While there are several approaches for replication, they all fundamentally struggle with RPO, limited performance and complex operational processes, forcing customers to make tradeoffs between RPO and cost.

XtremIO leverages its unique content addressable storage, in-memory metadata and copy data management implementation to offer the most efficient solution by replicating unique data only. This unique implementation significantly reduces bandwidth and storage array utilization. Furthermore, XtremIO simplifies the replication management for all use cases.

As with all other XtremIO data services, all data protection operations, such as Failover, Failback, etc., are supported and their management is very intuitive.

The integration of replication and XtremIO iCDM capabilities simplifies the repurposing processes and decreases the time for creating and refreshing environments from hours and days to just minutes.

XtremIO also enables instantaneous test and failover operations.

Conventional Replication Products

Conventional replication products use different mechanisms that are streaming or snapshot based. When sending the data over the wire, the bandwidth requirements for such solutions require the customer to either compromise on RPO or increase the bandwidth cost to allow copying all the changes.

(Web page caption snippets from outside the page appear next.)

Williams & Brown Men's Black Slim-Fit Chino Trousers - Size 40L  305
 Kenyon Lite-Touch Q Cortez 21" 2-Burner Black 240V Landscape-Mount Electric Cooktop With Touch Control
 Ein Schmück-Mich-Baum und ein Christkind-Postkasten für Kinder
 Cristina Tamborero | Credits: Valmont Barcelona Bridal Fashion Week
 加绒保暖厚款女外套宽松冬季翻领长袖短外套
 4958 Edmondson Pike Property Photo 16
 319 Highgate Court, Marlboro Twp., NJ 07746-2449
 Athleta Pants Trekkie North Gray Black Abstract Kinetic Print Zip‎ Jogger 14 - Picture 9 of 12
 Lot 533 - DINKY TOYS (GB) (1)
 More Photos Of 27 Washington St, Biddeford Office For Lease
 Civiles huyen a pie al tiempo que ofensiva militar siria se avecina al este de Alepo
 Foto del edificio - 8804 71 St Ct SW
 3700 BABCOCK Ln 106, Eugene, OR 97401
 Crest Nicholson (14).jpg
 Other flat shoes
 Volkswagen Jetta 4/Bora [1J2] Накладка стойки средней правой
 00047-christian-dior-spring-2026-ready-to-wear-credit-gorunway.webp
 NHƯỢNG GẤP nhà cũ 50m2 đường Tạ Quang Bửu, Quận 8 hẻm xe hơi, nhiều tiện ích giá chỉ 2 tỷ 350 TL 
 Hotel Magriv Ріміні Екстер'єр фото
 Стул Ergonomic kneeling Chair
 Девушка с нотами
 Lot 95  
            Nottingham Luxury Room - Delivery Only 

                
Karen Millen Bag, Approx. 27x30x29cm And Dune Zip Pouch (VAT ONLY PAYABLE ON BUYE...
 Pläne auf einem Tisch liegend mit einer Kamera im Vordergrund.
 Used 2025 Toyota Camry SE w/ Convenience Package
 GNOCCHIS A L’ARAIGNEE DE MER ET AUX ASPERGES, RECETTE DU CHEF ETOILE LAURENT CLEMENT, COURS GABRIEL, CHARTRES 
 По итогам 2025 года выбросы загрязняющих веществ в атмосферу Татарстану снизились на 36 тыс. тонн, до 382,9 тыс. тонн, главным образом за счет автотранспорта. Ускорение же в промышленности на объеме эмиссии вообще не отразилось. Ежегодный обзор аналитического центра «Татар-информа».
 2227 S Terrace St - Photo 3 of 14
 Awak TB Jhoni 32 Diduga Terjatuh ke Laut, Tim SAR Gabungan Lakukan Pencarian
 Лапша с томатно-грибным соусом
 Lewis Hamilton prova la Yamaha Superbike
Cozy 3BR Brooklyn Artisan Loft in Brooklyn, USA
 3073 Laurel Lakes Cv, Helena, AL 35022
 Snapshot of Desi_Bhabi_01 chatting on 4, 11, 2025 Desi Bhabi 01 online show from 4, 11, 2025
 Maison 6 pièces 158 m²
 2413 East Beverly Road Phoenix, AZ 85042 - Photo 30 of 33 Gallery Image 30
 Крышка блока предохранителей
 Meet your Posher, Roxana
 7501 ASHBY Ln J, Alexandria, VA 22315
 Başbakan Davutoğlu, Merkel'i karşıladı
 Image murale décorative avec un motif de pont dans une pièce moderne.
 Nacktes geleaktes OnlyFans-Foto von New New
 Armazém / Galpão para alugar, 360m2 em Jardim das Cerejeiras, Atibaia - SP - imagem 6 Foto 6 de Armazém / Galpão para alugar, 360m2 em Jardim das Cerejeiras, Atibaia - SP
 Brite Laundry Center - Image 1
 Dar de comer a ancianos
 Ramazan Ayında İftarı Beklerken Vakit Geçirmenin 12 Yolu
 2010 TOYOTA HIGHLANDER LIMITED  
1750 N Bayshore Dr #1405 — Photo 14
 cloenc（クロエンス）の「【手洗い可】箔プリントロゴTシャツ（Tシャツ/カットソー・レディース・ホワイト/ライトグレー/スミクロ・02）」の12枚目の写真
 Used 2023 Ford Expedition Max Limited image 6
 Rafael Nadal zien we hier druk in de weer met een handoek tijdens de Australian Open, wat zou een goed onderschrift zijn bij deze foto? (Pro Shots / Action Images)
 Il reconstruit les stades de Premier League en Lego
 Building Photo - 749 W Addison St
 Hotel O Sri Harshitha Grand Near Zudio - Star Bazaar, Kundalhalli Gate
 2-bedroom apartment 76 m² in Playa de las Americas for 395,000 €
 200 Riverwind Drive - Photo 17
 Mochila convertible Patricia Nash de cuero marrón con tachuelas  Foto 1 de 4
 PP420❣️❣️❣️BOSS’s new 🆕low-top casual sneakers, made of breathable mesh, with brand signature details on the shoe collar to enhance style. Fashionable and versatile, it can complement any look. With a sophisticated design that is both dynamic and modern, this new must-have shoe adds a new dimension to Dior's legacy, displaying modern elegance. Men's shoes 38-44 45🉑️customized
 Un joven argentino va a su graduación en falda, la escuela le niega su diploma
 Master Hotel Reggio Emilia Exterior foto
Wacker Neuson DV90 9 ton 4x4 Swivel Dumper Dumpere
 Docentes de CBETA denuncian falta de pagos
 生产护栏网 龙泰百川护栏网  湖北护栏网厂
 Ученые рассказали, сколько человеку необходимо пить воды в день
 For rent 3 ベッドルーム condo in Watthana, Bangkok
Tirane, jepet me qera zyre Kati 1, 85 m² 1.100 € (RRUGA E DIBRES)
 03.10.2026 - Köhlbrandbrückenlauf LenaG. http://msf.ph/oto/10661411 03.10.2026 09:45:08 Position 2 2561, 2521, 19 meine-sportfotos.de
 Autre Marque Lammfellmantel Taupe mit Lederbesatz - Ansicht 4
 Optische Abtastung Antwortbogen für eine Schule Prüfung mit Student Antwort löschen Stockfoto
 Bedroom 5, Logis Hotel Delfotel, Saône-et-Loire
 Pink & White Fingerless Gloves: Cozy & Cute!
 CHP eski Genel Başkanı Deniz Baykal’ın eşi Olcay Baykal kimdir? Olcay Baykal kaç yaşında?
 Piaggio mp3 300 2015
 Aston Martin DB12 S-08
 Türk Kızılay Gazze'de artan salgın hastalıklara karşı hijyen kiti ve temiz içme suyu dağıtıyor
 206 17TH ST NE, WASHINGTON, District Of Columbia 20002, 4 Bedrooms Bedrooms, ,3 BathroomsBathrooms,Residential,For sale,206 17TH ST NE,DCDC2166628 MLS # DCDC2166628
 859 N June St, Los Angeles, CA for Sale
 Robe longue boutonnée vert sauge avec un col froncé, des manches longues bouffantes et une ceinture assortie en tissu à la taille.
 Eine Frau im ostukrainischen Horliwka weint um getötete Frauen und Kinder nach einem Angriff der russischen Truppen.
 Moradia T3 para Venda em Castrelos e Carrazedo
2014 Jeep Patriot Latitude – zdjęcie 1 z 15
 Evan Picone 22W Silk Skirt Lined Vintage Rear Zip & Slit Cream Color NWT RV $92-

The reason for this is that with conventional solutions, all changes need to be replicated. For example, in ‎Figure 1 data is replicated from Array 1 in primary site to Array 2 in DR (Disaster Recovery) site. When a new, non-unique block “A” is written to address “4” in Array 1, it will be fully replicated to the remote array even though the same data already exists in address location “1” as shown in ‎Figure 2.


  1. Conventional Replication: Non-Unique Block “A” Added to Array 1


  1. Conventional Replication: Non-Unique Block “A” Replicated in Array 2

This means that all data changes are fully replicated on the wire, causing the following:

  • The bandwidth needs to be sized according to all changed data.
  • The performance of the arrays on both sides are impacted by replicating all data changes. The source array reads the data and transfers it to the remote array, and the remote array receives all the changed data and writes it to the drives.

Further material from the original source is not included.